Sekarang, Sri Lanka sedang berusaha menghemat anggaran untuk persediaan darurat bahan bakar dan barang-barang kebutuhan pokok lainnya. Negara subur yang menghasilkan beberapa teh paling dicari di dunia ini menghadapi kerawanan pangan yang meluas. Dan pengunjuk rasa memenuhi jalan-jalan Kolombo, banyak dari mereka adalah profesional muda yang telah menerima begitu saja bahwa mereka akan memiliki listrik dan layanan internet yang stabil, akses ke kopi dan mobil impor, serta masa depan yang menjanjikan.

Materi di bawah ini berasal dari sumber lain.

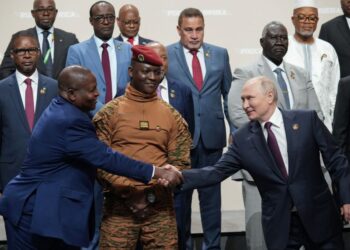 VLADIMIR Putin bersalaman dengan pemimpin dan ketua delegasi benua Afrika pada sidang kemuncak Rusia-Afrika di Saint Petersburg.-AFP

Armada truk angkutan barang Shathurshan Jayantharaj (25) berhenti beroperasi ketika pasokan solar berkurang. Dia ikut berunjuk rasa di Kolombo hampir setiap hari, memprotes ketidakmampuan pemerintahan Rajapaksa/
“Kami mungkin telah meraih banyak hal, tapi kami kehilangan semuanya saat ini,” ujarnya, dikutip dari The New York Times, Selasa (12/4).
“Keluarga ini tidak tahu apa yang dikerjakan, dan mereka menjerumuskan kami semua.”
Dalam kampanyenya pada 2019, Rajapaksa berjanji memulihkan keamanan setelah lebih dari 250 orang tewas dalam serangkaian bom bunuh diri pada Minggu Paskah tahun itu. Saat menjabat sebagai Menteri Pertahanan saat kakaknya, Mahinda Rajapaksa menjadi presiden, dia dan keluarganya dipuji karena mengakhiri perang sipil pada 2009 dan menciptakan perekonomian yang menjadi model bagi negara lain. Dia diuntungkan kemarahan publik terkait bukti bahwa pemerintah saat itu mengabaikan peringatan terkait serangan teroris.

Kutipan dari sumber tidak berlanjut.